This question raises much debate but there’s probably no one right or wrong answer. Many parents feel a child should not have a smartphone, with all its functionality, until they are of driving age. Among some of the concerns about giving your child a smartphone (at any age), include:

  • Games and apps can be addicting and discourage socialization and interaction with others. Not to mention, if that’s your child’s primary use of the smartphone, you’re paying a lot of money for a toy.
  • A lot of time spent on a smartphone can discourage a child from getting up and moving around. This lack of exercise can lead to overweight or obese children.
  • Too much time spent looking at small screens can weaken a child’s eyesight.
  • During the adolescent years, high exposure to smartphones can adversely affect brain development, possibly leading to shortened attention spans.
  • “Checking-in” publicly to places or from locations via social media platforms or apps, such as Facebook or Foursquare, can potentially jeopardize your child’s safety and security by making their whereabouts known to predators lurking online.
  • Smartphones can be used to bully other kids or lend to your child becoming the victim of cyber-bullying, whether it’s through social media platforms, texting, instant messaging, or other apps.

Many of the concerns about teens with smartphones aren’t much different from those that exist for kids with iPod Touches or other mobile Wi-Fi enabled devices, like tablets. A few differences between smartphones and iPods or tablets include costs and managing Internet access. Wi-Fi mobile devices are generally less expensive than smartphones, mainly because there is no requirement for a monthly data plan as with cell phones. Additionally, since Wi-Fi service is required, the iPods and tablets are more likely to be used at home, where parents can more closely monitor online activities.

So, if you can work through the list of cons and none of them are show stoppers for you, take a look at the convenience and accessibility that smartphones offer. Smartphones provide many advantages to parents, as well as children, including the following non-exhaustive list:

  • Parental controls are available for smartphones. Some are included in the operating system. Apple’s iOS allows you to turn on or off everything from the Safari Internet browser to YouTube to multi-player games in the Game Center. iOS restrictions also allow you to control access levels to movies, songs, and apps based on their ratings. For smartphones on other platforms like Android, the controls aren’t part of the operating system but there are several apps available for parents to control access and monitor activity.
  • Smartphones also allow you to keep tabs on your child using mobile apps and desktop programs like Google Latitude. Assuming their devices are with them, you can use smartphones to track your kids’ whereabouts at all times to make sure they are safe. This can be done without using any of the check-in services from one of the many social networking platforms. All the major wireless phone carriers have services that let you track the location of family members.

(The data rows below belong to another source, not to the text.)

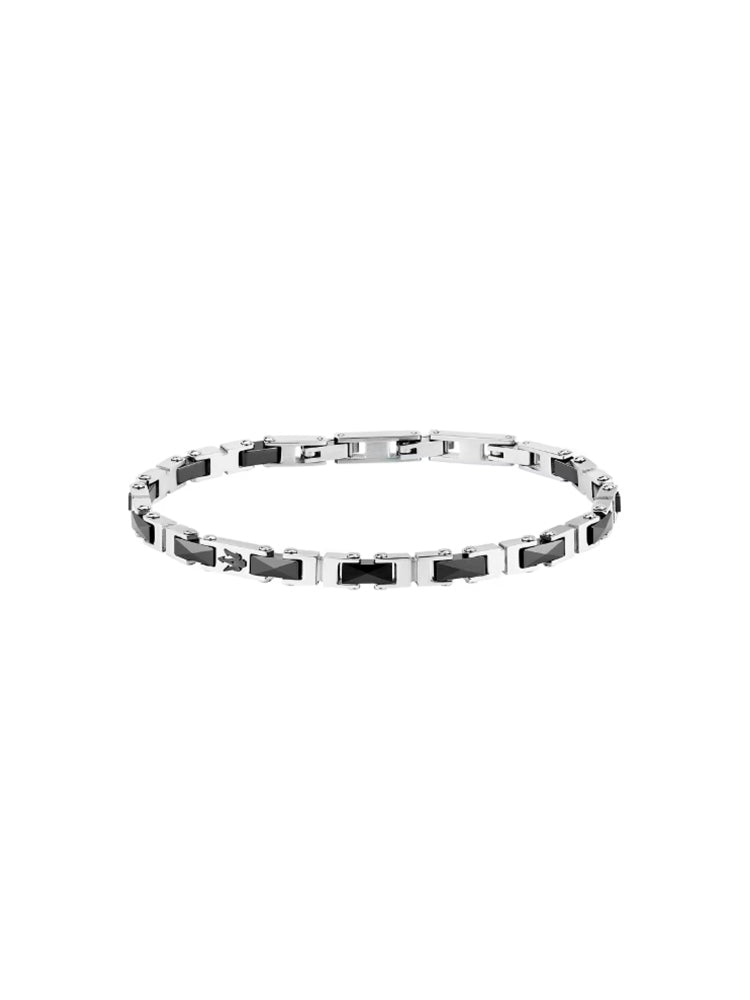 BRACCIALE UOMO IN ACCIAIO CON MAGLIE IN CERAMICA MASERATI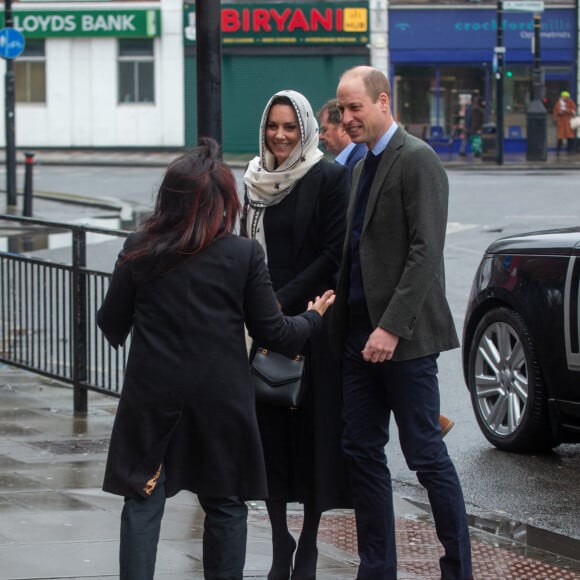 Le prince William, prince de Galles, et Catherine (Kate) Middleton, princesse de Galles, arrivent au centre Hayes Muslim pour une visite pour voir le travail de secours en Turquie et en Syrie par diverses ONG à Londres, Royaume Unis, le 8 mars 2023. © Tayfun Salci/Zuma Press/Bestimage 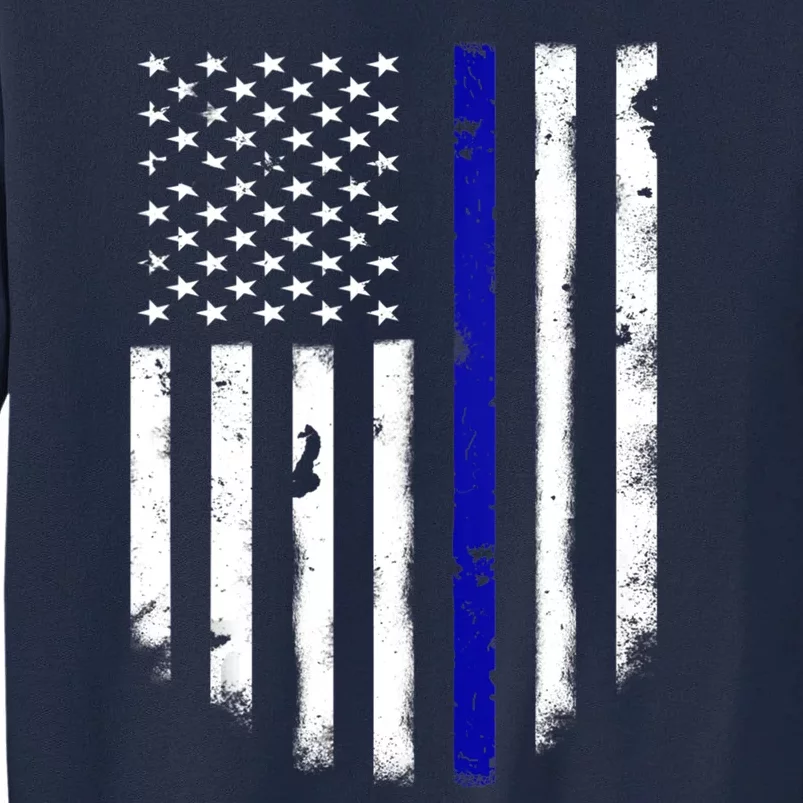 Thin Blue Line American Flag Shirt Cool Police Support Tee Tall Sweatshirt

There are several free apps that allow you to do this with no service fees, such as Apple’s Find My iPhone or the family app Life360 Family Locator.
  • Another benefit of smartphones is they provide access to additional learning resources, including apps for arts, math, science, spelling, foreign languages, and many more.
  • Smartphones also enable your child to easily find phone numbers or information they need online.
  • Google Navigation means your child shouldn’t get lost (or at least won’t stay lost for long).
  • Smartphone calendars can assist your child in remembering homework due dates, other important events and teach them how to manage their time and schedules.

It’s also becoming more and more difficult to find non-smartphone offerings from the phone carriers. The choices for feature phones are dwindling and the cost differences between the two types of phones are narrowing. It costs nearly as much to purchase a “dumb” phone as it does a smartphone. Pretty soon, that decision will be a moot point, as the decision will be made for you.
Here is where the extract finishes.